Eight-bit junkyard

Rediscovering video games of the past
“Fester’s Quest” (Sunsoft, 1989)

Have you ever had a tortured relationship with a video game? If you’ve ever played a video game, then your answer is “yes.” If you’ve ever played “Fester’s Quest,” Sunsoft’s (extremely) loose adaptation of “The Addams Family,” then your answer is a teeth-grinding, fist-clenching, rage-spiraling “yes.”
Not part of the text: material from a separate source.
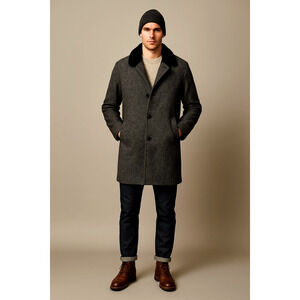Huckberry Vintage XL Tweed 100% Wool Shearling Coat $550 Long Jacket Black Gray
Time is a tricky thing (not to be confused with a tricky Thing, the disembodied hand who roams the spooky halls of the Addams manse). For years, I was convinced that “Fester’s Quest” was an attempt to cash in on the 1991 big-screen adaptation of “The Addams Family.” However, the eight-bit adventures of the hairless, pallid, altogether ooky Uncle Fester began development in 1988. Maybe Sunsoft executives felt there was a market among children of the late ’80s for a game based on a 25-year-old show? Maybe they were way ahead of the “Addams” revival of the early ’90s? Maybe there was no reason at all. Does this lack of logic hurt your brain? Do you like that hurt? Do you want even less logic? Do you want more pain? Then, my masochistic friend, “Fester’s Quest” is your game.
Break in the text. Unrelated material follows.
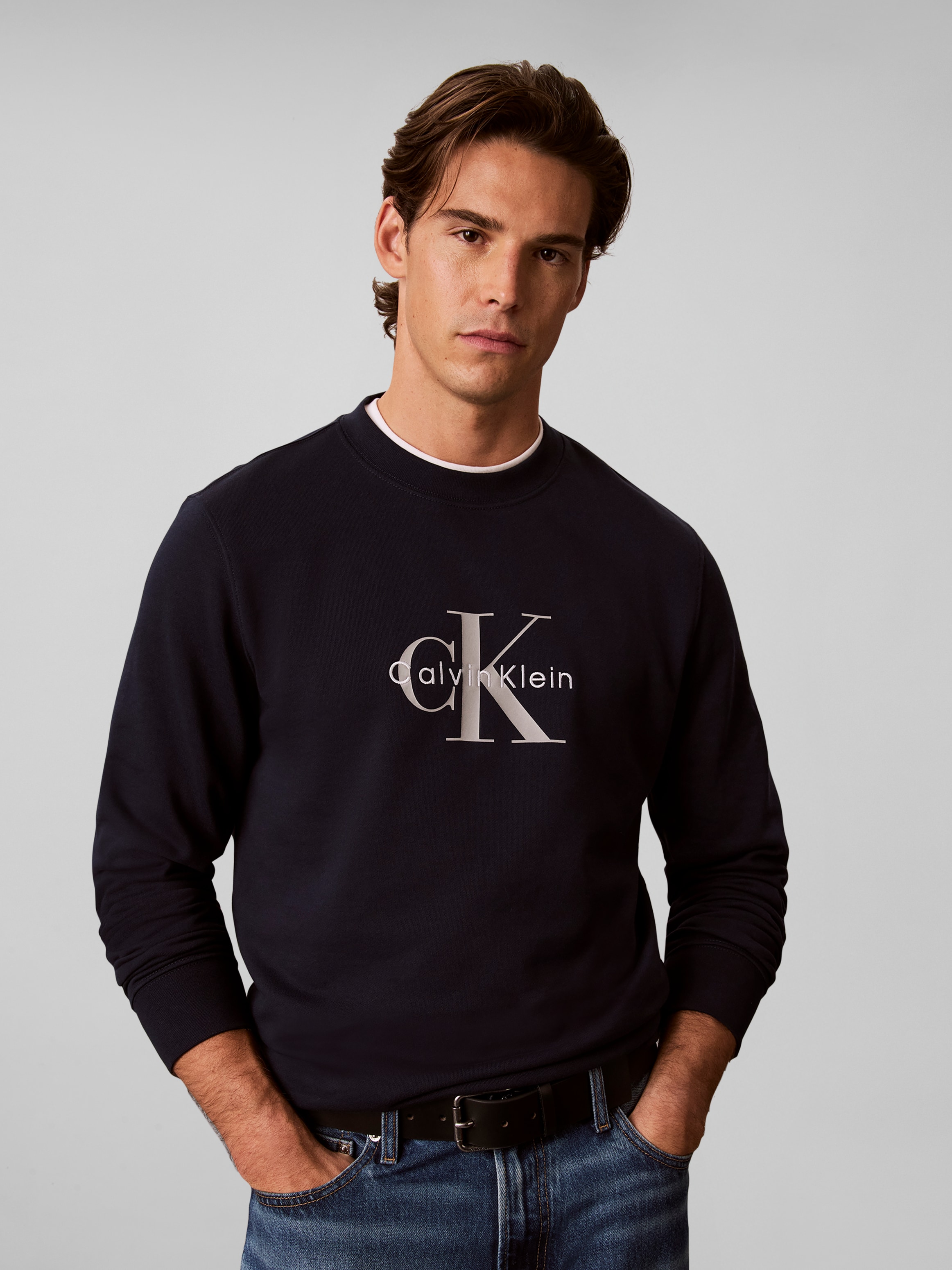 Calvin Klein Jeans Sweatshirt, Rundhalsausschnitt, Regular Fit, großer Logo-Print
Experience the seven stages of playing “Fester’s Quest”:

1. Hey, this is by the makers of “Blaster Master.” That game had a weird frog. This game has weird frogs. Cool.
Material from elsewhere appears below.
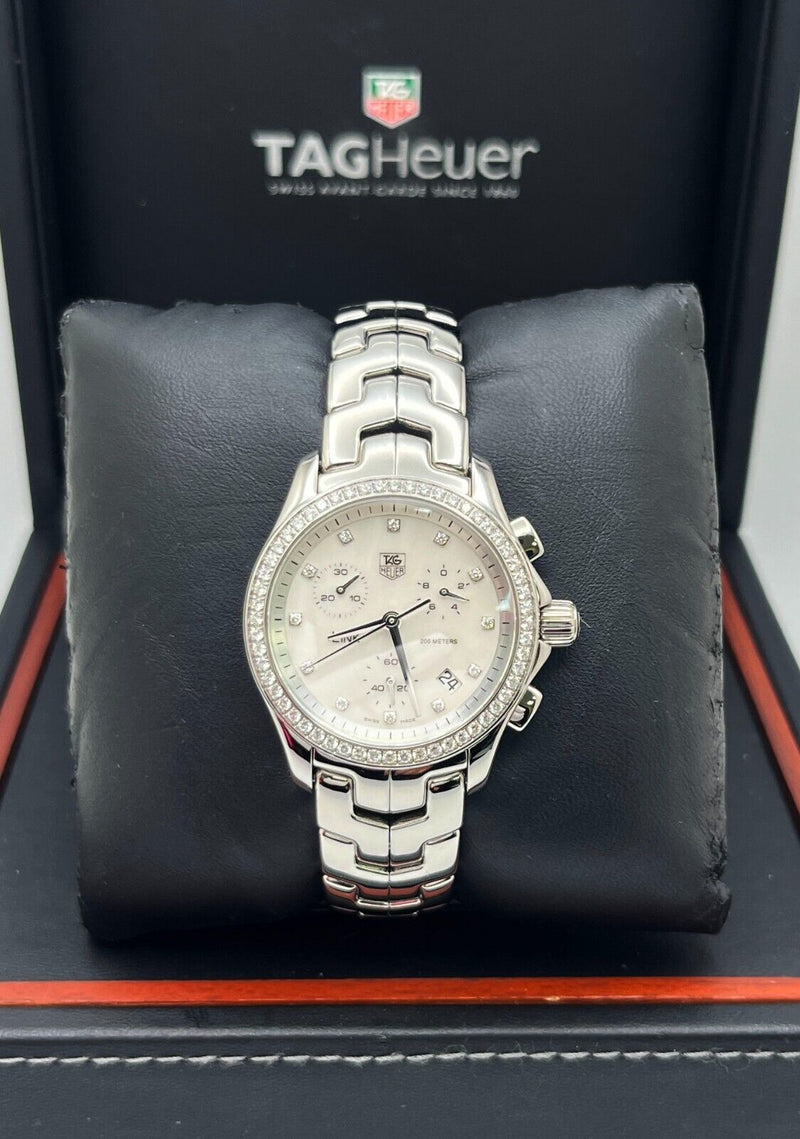 Tag Heuer Ladies Link Diamond Watch CJF1314.BA0580 MOP Dial Steel Box Paper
2. The score is pretty catchy. Composer Naoki Kodaka worked on the “Spy Hunter” and “Batman” games, so that’s no surprise. Plus, it features the show’s iconic theme. But I won’t have to hear it too much because it only plays when I die.

3. I sure die a lot. I can only get hit twice before I die. I get hit a lot. Mostly by frogs. And floating meatballs that exhaled mosquitos.

4. All I do is walk around and shoot things. But the calibration of my gun-whip shoots around all the enemies or directly into walls. I can buy hot dogs for health, but only if a dead frog leaves me money. I died again. All I do is die. I wish I would stop dying.

5. I can’t get to the boss of each section (to call them stages unfairly suggests a sense of linear progression) until I navigate through a maze of empty walls and a faulty strobe light. There’s no way out of the maze. I can’t die. Nothing in the maze can kill me. I wish for death.

6. I rip out the game and vow never to play it again. This is the worst game I’ve ever played. It makes “Battletoads” seem like “Pac-Man.” It’s difficultly stupid.

7. Time has passed. Was it really that bad? Could it have been? The graphics aren’t horrible. I guess. Wasn’t the music OK? Let’s try it again. Oh. There’s frogs. My power-ups are light bulbs and a noose. Am I in a maze? Oh, God. Let me die.